As you grow more accustomed to life in Nebraska and struggle to overcome your language barrier, you may learn the definitions of some English words that cause you to worry. For instance, like many immigrants (especially those whose paperwork is not in good order), words such as arrest, removal and deportation may frighten you. It’s understandable since you’ve likely heard stories about families torn apart or perhaps know someone currently facing threats of deportation. As with most immigration processes, the subject of removal can be quite complex.
U.S. immigration law often changes, and although you understand a particular regulation or issue one day, you may not even be aware that it has been eliminated, changed or made more stringent the next. Lack of knowledge may land you in a detention center. Therefore, it’s best to review your rights ahead of time and know where to turn for support if a problem arises.

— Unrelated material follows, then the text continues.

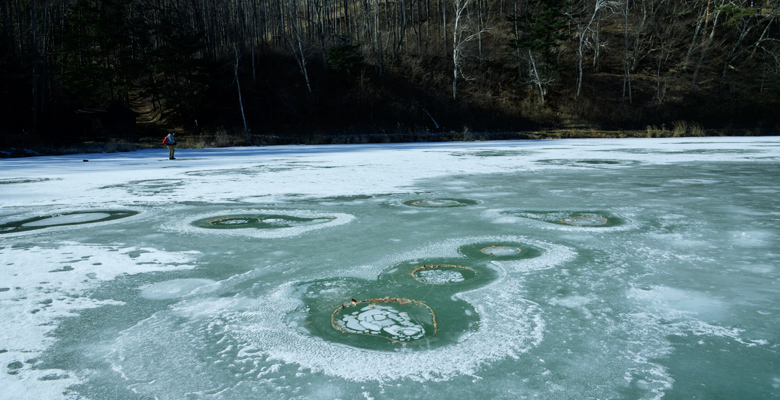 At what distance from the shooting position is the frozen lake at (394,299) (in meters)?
2.29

Be aware of the basic facts regarding immigrant removal
If you arrived in Nebraska through means that didn’t exactly coincide with existing immigration regulations at the time, merely coming face-to-face with a police officer or other government official may be enough to make your blood pressure soar. If an immigration officer pays you a visit or arrests you or your family member, it doesn’t necessarily mean a deportation will take place. The following facts may help clarify the process:
- If a police officer or immigration officer takes you into custody, they will likely transfer you to an immigration detention facility at some point.
- Events that unfold from there depend on various factors, including your individual criminal history record and whether you possess documentation for valid residency.
- If immigration officials threaten you with removal, you are definitely not alone, as more than 11 million people live under undocumented statuses in the United States, and many of them are currently facing similar problems.
- Certain situations would warrant an expedited removal process against you, such as if you overstayed a visa or entered the United States without permission.
- Living here without permission for two weeks or less places you at great risk for expedited removal.
- If you receive a notice to appear, it signifies that immigration officials have already activated the removal process against you.
As a resident of Nebraska, whether documented or undocumented, you have certain rights that protect you from unlawful actions against you. If you believe someone has violated those rights, you can obtain guidance as to how best to proceed to seek justice.